* **WHAT YOU WILL DO**: Leave out the pictures and repeat the data exactly.

* **EXERCISE DATA**:
····················
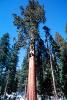 Giant sequoia (Sequoiadendron giganteum), NPSV05P11_01
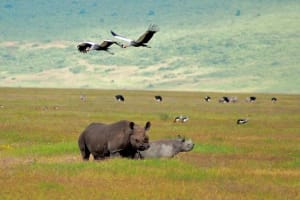 Tarangire & Ngorongoro Safari ~ 2 Days 3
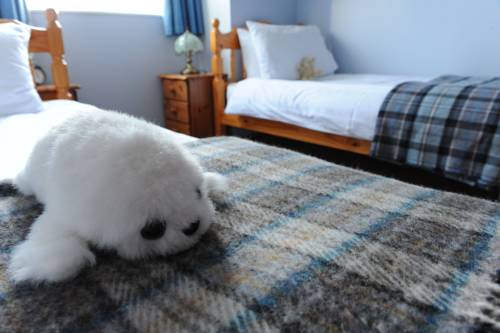 Lerwick United Kingdom Last Minute Discount Code Booking.com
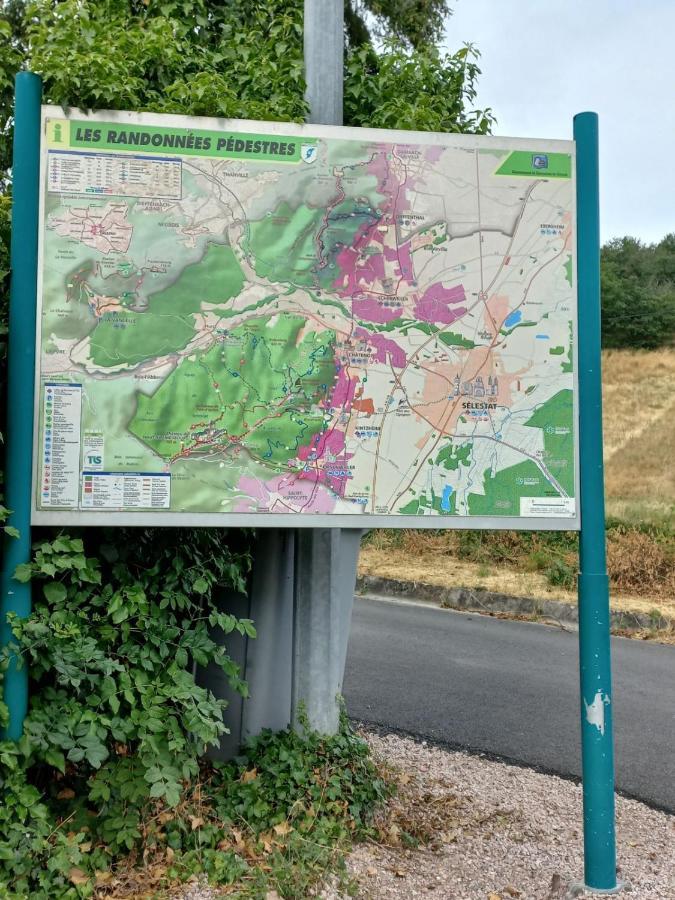 Gite Au Nid De Cigognes Villa Dieffenthal Luaran gambar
····················
* **PROBLEM SOLUTION**:
 Giant sequoia (Sequoiadendron giganteum), NPSV05P11_01
 Tarangire & Ngorongoro Safari ~ 2 Days 3
 Lerwick United Kingdom Last Minute Discount Code Booking.com
 Gite Au Nid De Cigognes Villa Dieffenthal Luaran gambar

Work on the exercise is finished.